→ **Instructions for the task**: Quote only the lines that start at the line with "Caméra de recul" and run to the end of the entries; omit the pictures.

--- Records for this task ---

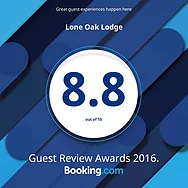 Booking.com Awards 2016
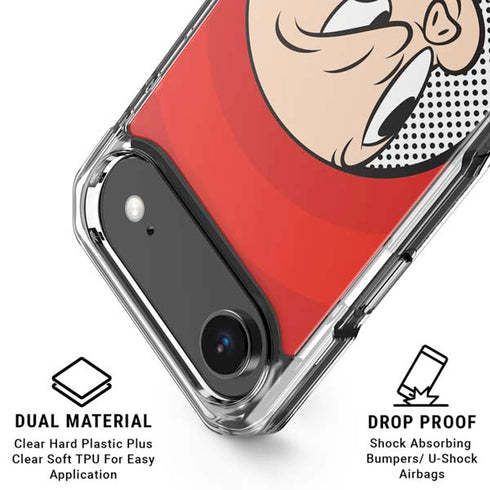 Looney Tunes Porky Pig Full iPhone 17 Air Clear Case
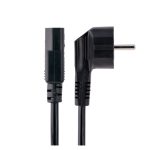 StarTech.com Cable de 3 metros (10 pies) de alimentación para ordenador, modelo 713E-3M-POWER-CORD. Incluye enchufe Schuko, conector C13, 250V, 10A, 18AWG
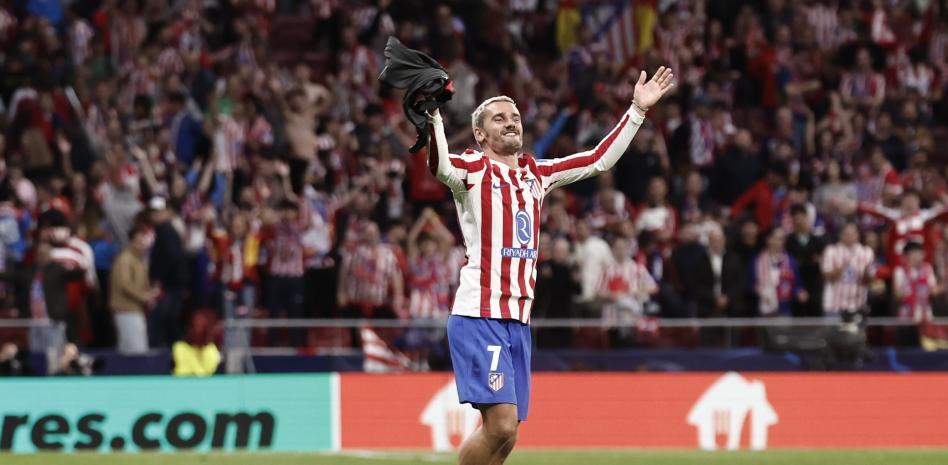 Griezmann celebración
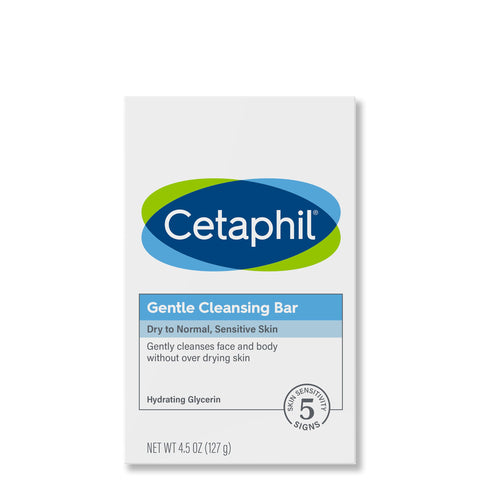 Cetaphil Gentle Cleansing Bar, 4.5 oz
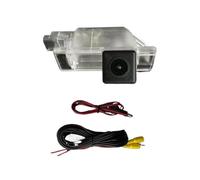 Caméra de recul de voiture sans fil CCD Fisheye 4 8 12 LED dynamiques de nuit de remplacement pour Peugeot 2008 208 301 307 3008 406 407 408 508 607 806 807 pour RCZ (kit sans fil 4 LED)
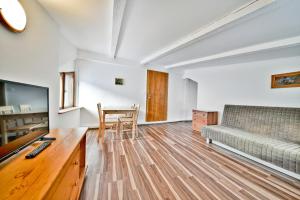 Posezení v ubytování Panorama Gór w Karpaczu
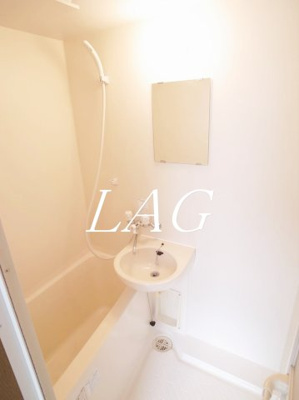 【浴室】 | 自然村ビル | お風呂です。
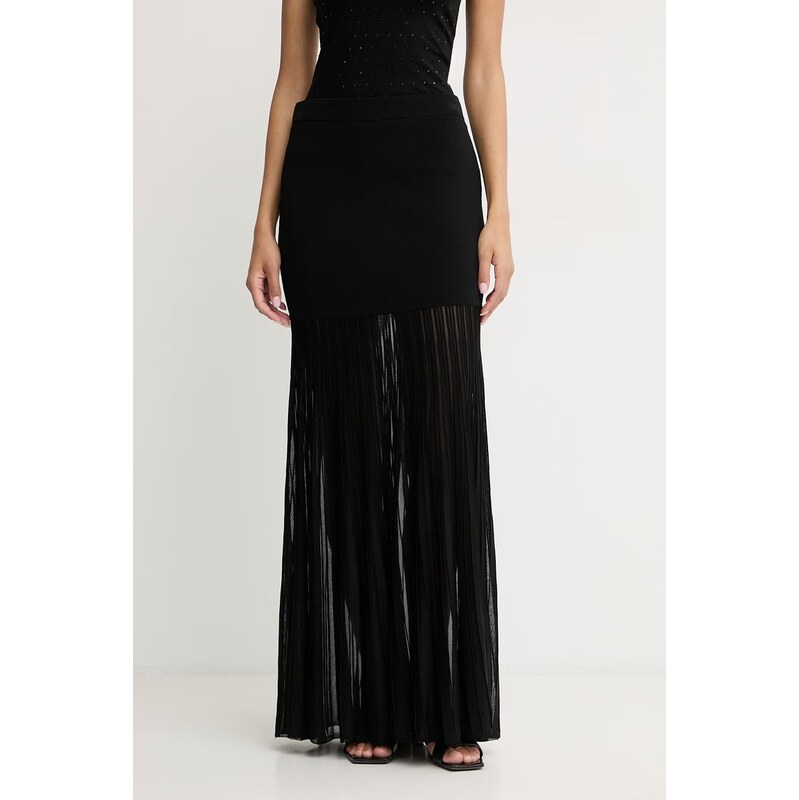 MICHAEL Michael Kors úpletová sukňa s viskózou 68561082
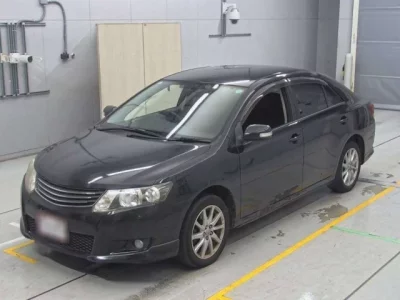 Toyota ALLION  с аукциона в Японии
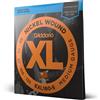 D'Addario EXL160-5 Set Corde Basso EXL Cv2n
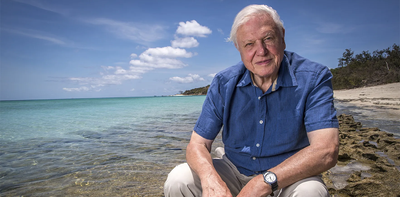 From fossicking for fossils to a champion for life on Earth: Sir David Attenborough at 100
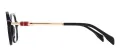 Acetate Oval Spectacles
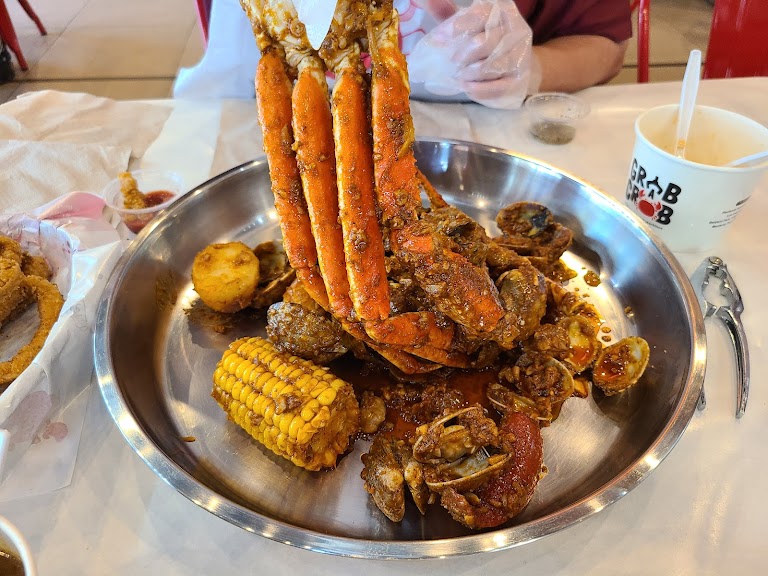Combo for 2 at Grab A Crab
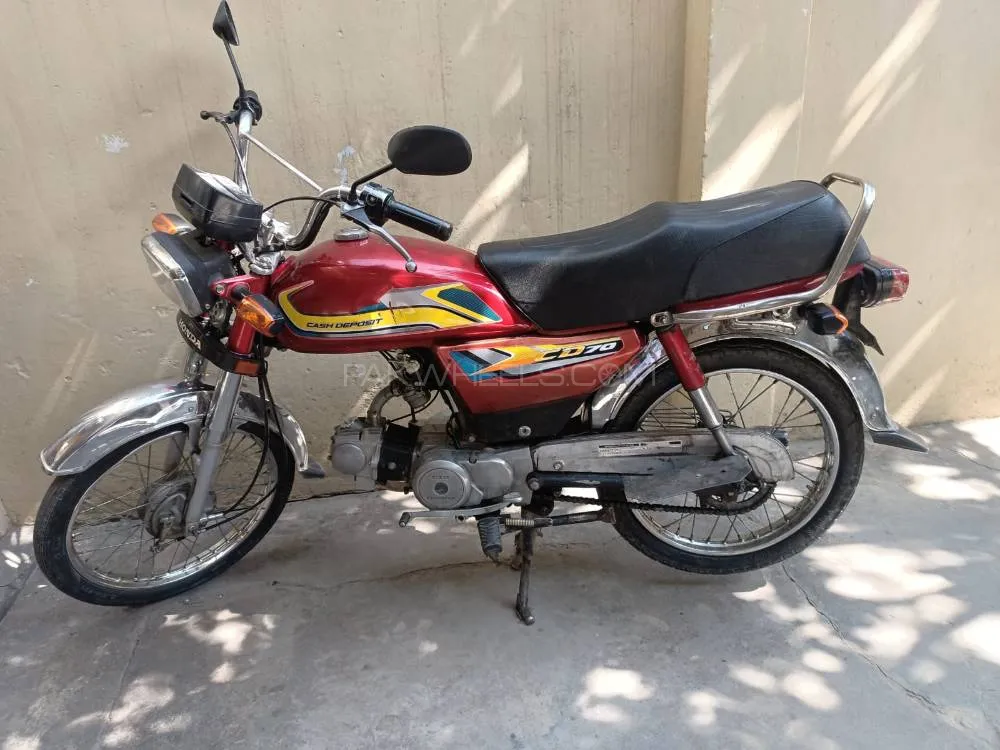 Honda CD 70 2012 for Sale Image-1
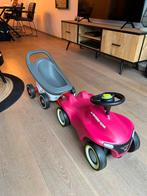 Bobby car roze met loopkar, Kinderen en Baby's, Speelgoed | Buiten | Voertuigen en Loopfietsen, Ophalen, Zo goed als nieuw, Loopvoertuig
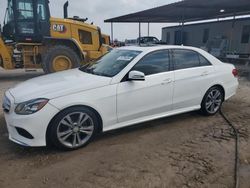 Salvage cars for sale at Houston, TX auction: 2016 Mercedes-Benz E 350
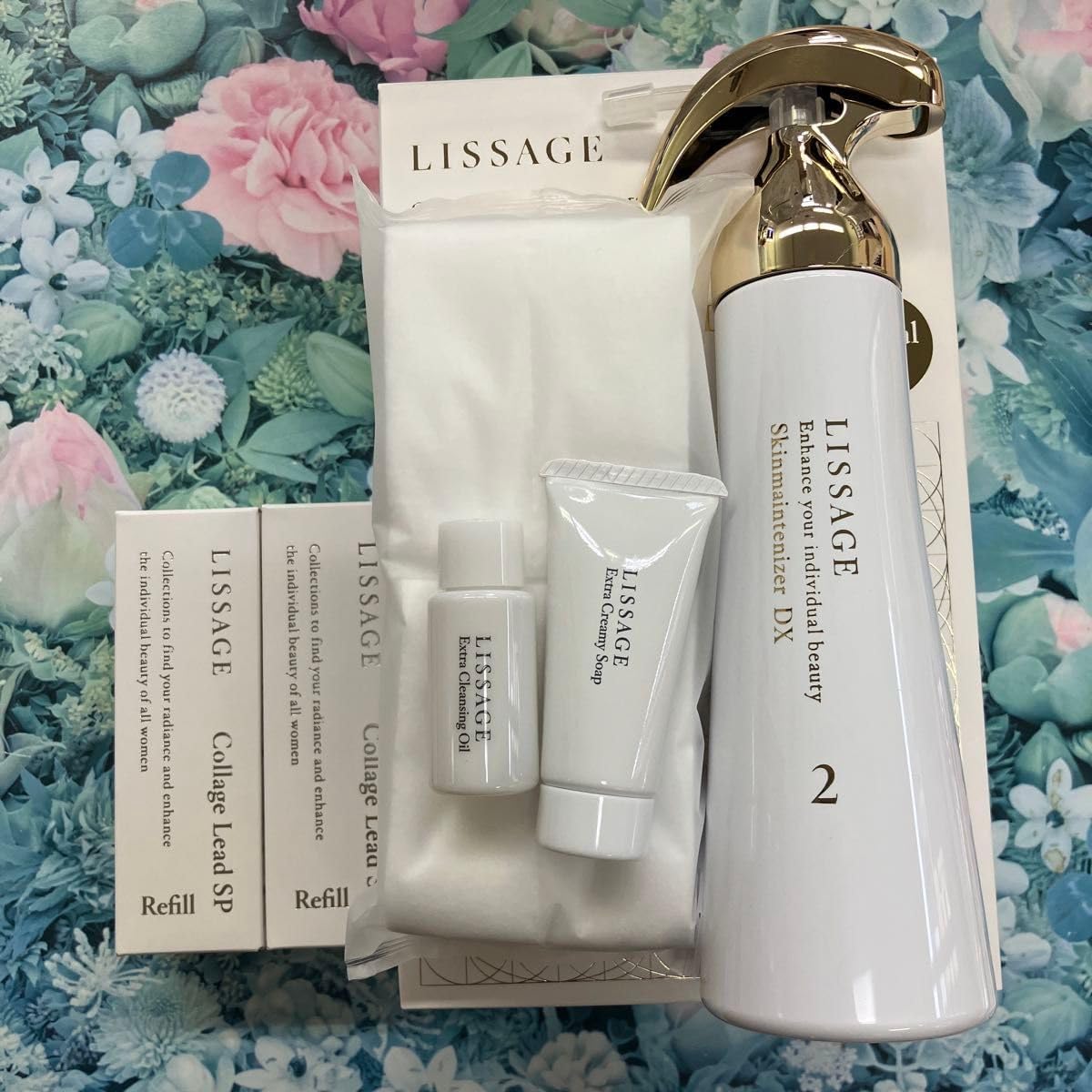 リサージ コラゲリード(詰め替え)2箱＆スキンメインテナイザーDX2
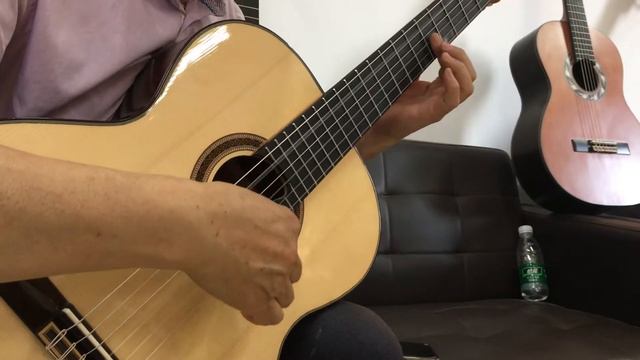 Classical Guitar(Spruce Top) Played by Johannes Moller's friend смотреть онлайн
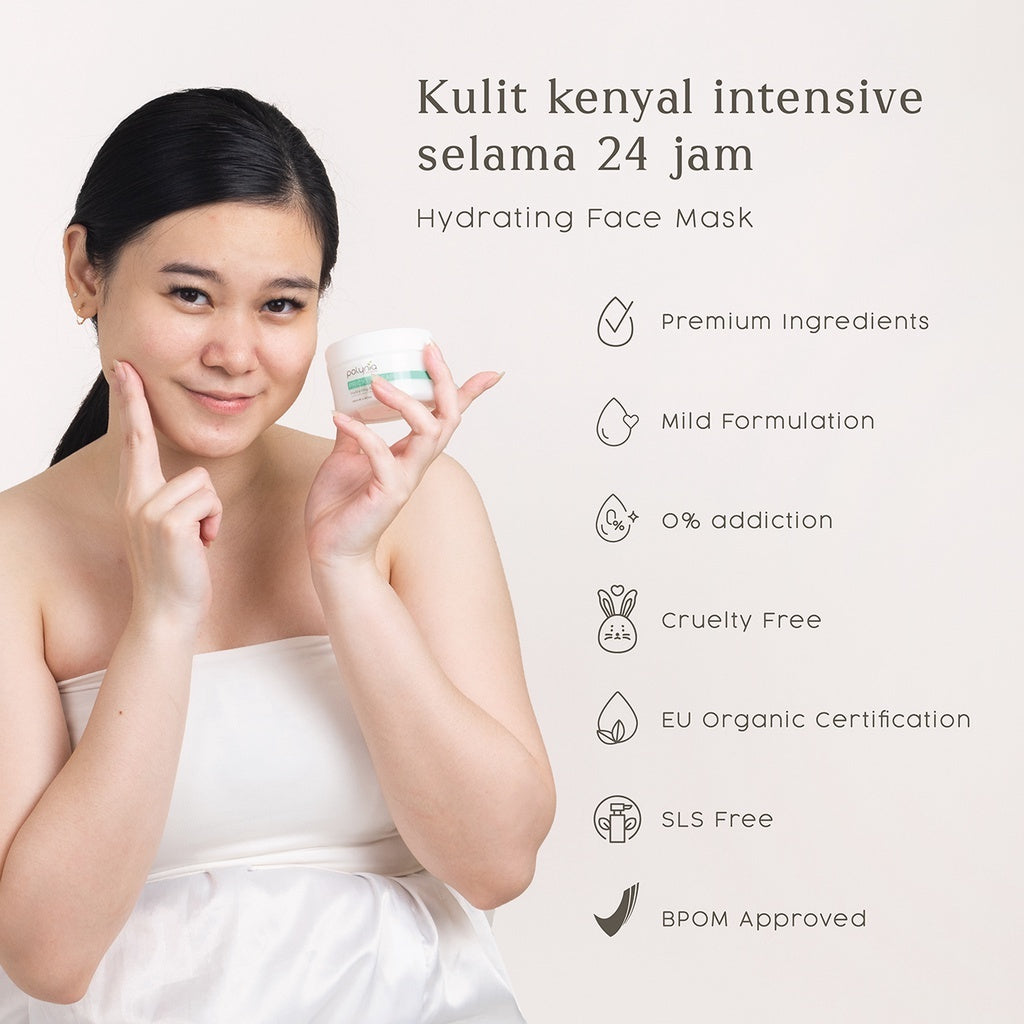 POLYNIA - Prickly Pear Hydrating Mask 100ml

---

→ **Response to this exercise**:
 Caméra de recul de voiture sans fil CCD Fisheye 4 8 12 LED dynamiques de nuit de remplacement pour Peugeot 2008 208 301 307 3008 406 407 408 508 607 806 807 pour RCZ (kit sans fil 4 LED)
 Posezení v ubytování Panorama Gór w Karpaczu
 【浴室】 | 自然村ビル | お風呂です。
 MICHAEL Michael Kors úpletová sukňa s viskózou 68561082
 Toyota ALLION  с аукциона в Японии
 D'Addario EXL160-5 Set Corde Basso EXL Cv2n
 From fossicking for fossils to a champion for life on Earth: Sir David Attenborough at 100
 Acetate Oval Spectacles
Combo for 2 at Grab A Crab
 Honda CD 70 2012 for Sale Image-1
 Bobby car roze met loopkar, Kinderen en Baby's, Speelgoed | Buiten | Voertuigen en Loopfietsen, Ophalen, Zo goed als nieuw, Loopvoertuig
 Salvage cars for sale at Houston, TX auction: 2016 Mercedes-Benz E 350
 リサージ コラゲリード(詰め替え)2箱＆スキンメインテナイザーDX2
 Classical Guitar(Spruce Top) Played by Johannes Moller's friend смотреть онлайн
 POLYNIA - Prickly Pear Hydrating Mask 100ml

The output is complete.